Un automobiliste rencontré à Lille résumait bien la situation : avec deux voitures, son budget carburant tourne déjà autour de 300 euros par mois. Avec une hausse de 20 à 30 % intégrée, on parle de 60 à 90 euros supplémentaires chaque mois. Pas rien.

CarburantPrix avant conflit (fin février)Prix mi-mars 2026Hausse sur 50L
SP95-E10~1,72 €/L~1,95 €/L+11,50 €
Gazole~1,75 €/L~2,08 €/L+16,50 €
SP98~1,75 €/L~1,82 €/L+3,50 €

Pourquoi le gazole trinque plus que l’essence ?
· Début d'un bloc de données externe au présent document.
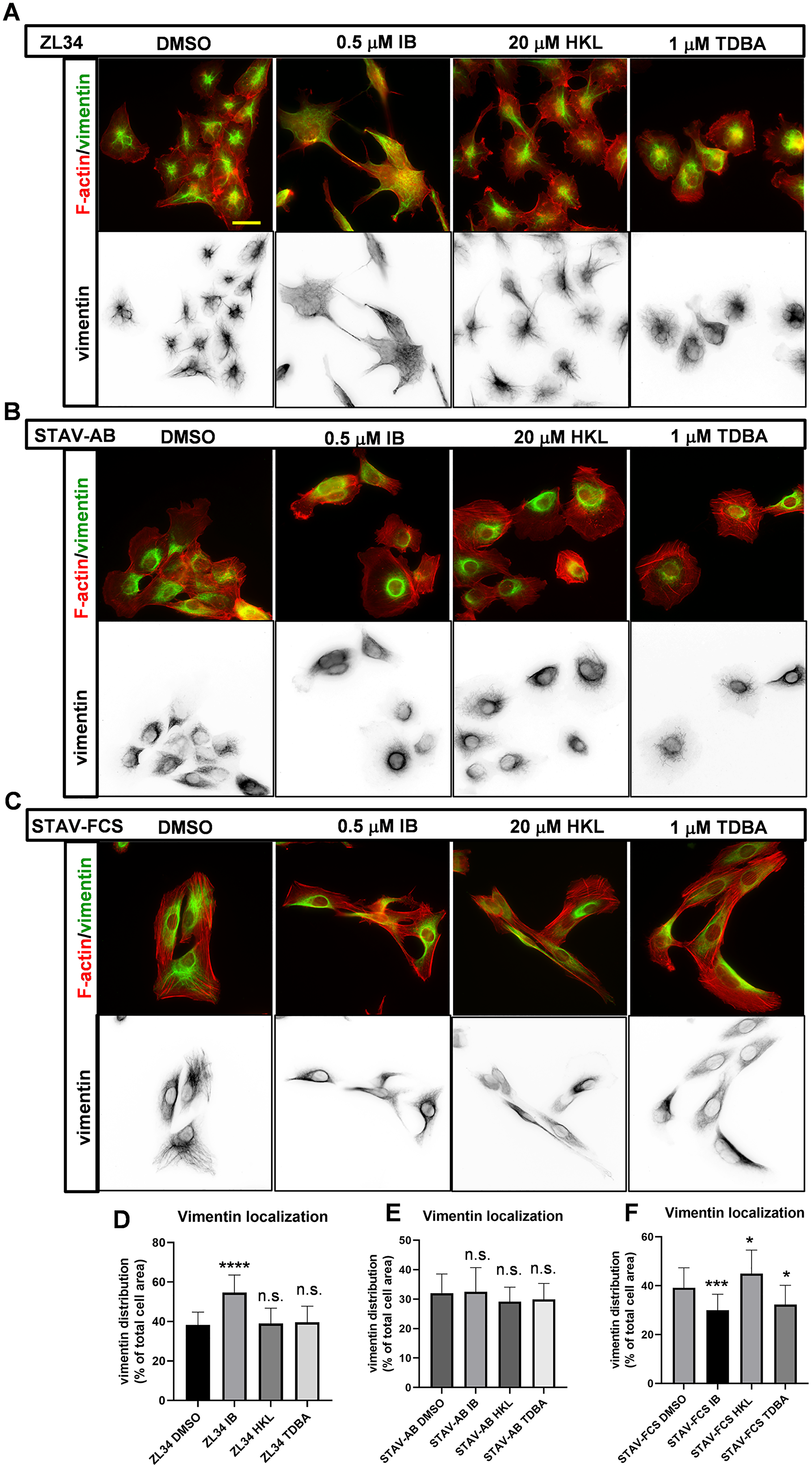 Effects of the inhibitors on the organization of vimentin filaments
L’IFPEN (IFP Energies nouvelles) a fourni une explication technique intéressante : les bruts du Golfe persique, désormais bloqués ou détournés, sont des pétroles lourds, parfaits pour produire du gazole et du kérosène. Le brut américain disponible en remplacement, lui, est plus léger, et sert surtout à fabriquer de l’essence. Résultat, il y a peu d’alternatives à court terme pour le diesel, ce qui fait grimper son prix encore plus vite.

Et l’IFPEN prévoit que le baril pourrait avoisiner 130 dollars d’ici mai. Si ça se confirme… on n’a peut-être pas encore vu le pire.

Qui profite vraiment de cette flambée ?

Michel-Édouard Leclerc a mis les pieds dans le plat : ce ne sont pas les stations-service ni les distributeurs comme Leclerc, U ou Intermarché qui se font des marges indues. Les vraies hausses viennent des raffineurs, Total, BP, Avia en tête. La « bulle spéculative d’anticipation », comme il l’appelle, se forme très en amont, avant même que le carburant n’arrive à la pompe. Et les contrôles de la DGCCRF ont d’ailleurs révélé qu’une station sur six affichait des anomalies tarifaires.

Le porte-parole des pétroliers lui-même reconnaît que la marge brute de raffinage est « atypique » en ce moment. Mais il promet que ça ne durera pas. Facile à dire quand on n’est pas celui qui passe à la caisse…

Ce que vous pouvez faire concrètement

Face à cette situation, quelques réflexes peuvent aider à limiter la casse :

  • Comparer les prix sur prix-carburants.gouv.fr avant de faire le plein, les écarts entre stations peuvent dépasser 20 centimes
  • Préférer les stations de grandes surfaces (Leclerc, Intermarché, Système U restent souvent les moins chères)
  • Adopter une conduite plus souple : réduire sa vitesse sur autoroute de 130 à 110 km/h peut diminuer la consommation de 20 %
  • Signaler toute anomalie de prix via la plateforme Signal Conso

Les recherches sur les voitures électriques ont bondi de 75 % depuis le début du conflit. Ironique, non ? Une guerre à l’autre bout du monde qui finit par accélérer la transition énergétique en France. Pas vraiment la manière dont on aurait aimé y arriver, mais voilà.

Le gouvernement a pour l’instant refusé de baisser les taxes sur le carburant, préférant des mesures de soutien à la trésorerie pour les pêcheurs et les transporteurs. Pour les particuliers, la réponse officielle reste : « Tout dépendra de la durée du conflit. » Ce qui ne rassure pas vraiment au moment de passer à la caisse.